En plena época de las vanguardias, en 1921, encontramos Nosotros, una distopía de Yevgueni Zamiatin de la que tanto 1984, de Orwell, como Un mundo feliz, de Huxley, son deudoras. Nosotros refleja una sociedad en la que sus habitantes están vigilados hasta el extremo, sin posibilidad de intimidad alguna –¿les recuerda algo esto? ¿Acaso al asistente Siri, que registra su actividad diaria, la de usted, que lee ahora estas líneas?–. En la obra, se indica a los ciudadanos incluso cuántas veces han de masticar antes de deglutir. Quizás pueda ser un poco forzada la comparación, pero… ¿cuántas veces escuchamos historias de fábricas en las que el tiempo y el momento de ir al cuarto de baño están pautados?

Que los japoneses paguen por ser escuchados o que a sus mayores los atiendan robots son escenas que ya hemos leído en las distopías de Philip K. Dick o Pierre Boulle; que el agotamiento de los recursos naturales origine guerras encarnizadas lo anticipó Úrsula K. Leguin; que el otro es el culpable de todas nuestras angustias se recoge en El sistema, de Ricardo Menéndez Salmón. Cuando el modelo que está por venir es siniestro, perverso o inhumano, la distopía se plantea como una profecía que se dibuja tan cierta que asusta.

Anna Bowman escribió en 1887 La república del futuro, una historia en la que los hombres y las mujeres se parecen tanto que de un primer vistazo es difícil distinguirlos: se visten igual, los mediocres ostentan los puestos de poder y lo único que mueve al hombre es la sed de fama y triunfo, el dinero fácil.
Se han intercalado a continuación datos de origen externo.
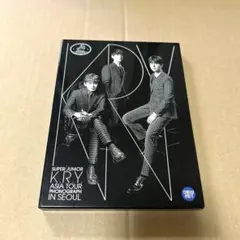 SUPER JUNIOR K.R.Y JAPAN TOUR 2015 - メルカリ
La gente se aburre tanto que cultiva su cuerpo hasta lo paranoico. ¿Se reconocen? Del otro lado, casi un siglo después, en 1985, Margaret Atwood firmó El cuento de la criada, una distopía feminista convertida en superventas tras su adaptación por HBO, en la que las mujeres son explotadas como máquinas de reproducción en un sistema gobernado por un puritanismo violento y opresor.

Los ejemplos distópicos son innumerables pero suficientes para desplegar lo que imaginó H.G. Wells en La máquina del tiempo, donde un viajero que regresa del futuro con una flor marchita. Nada mejor define lo que es una distopía que esta imagen, salvo que no se trata del futuro… La flor se vuelve caduca en el presente.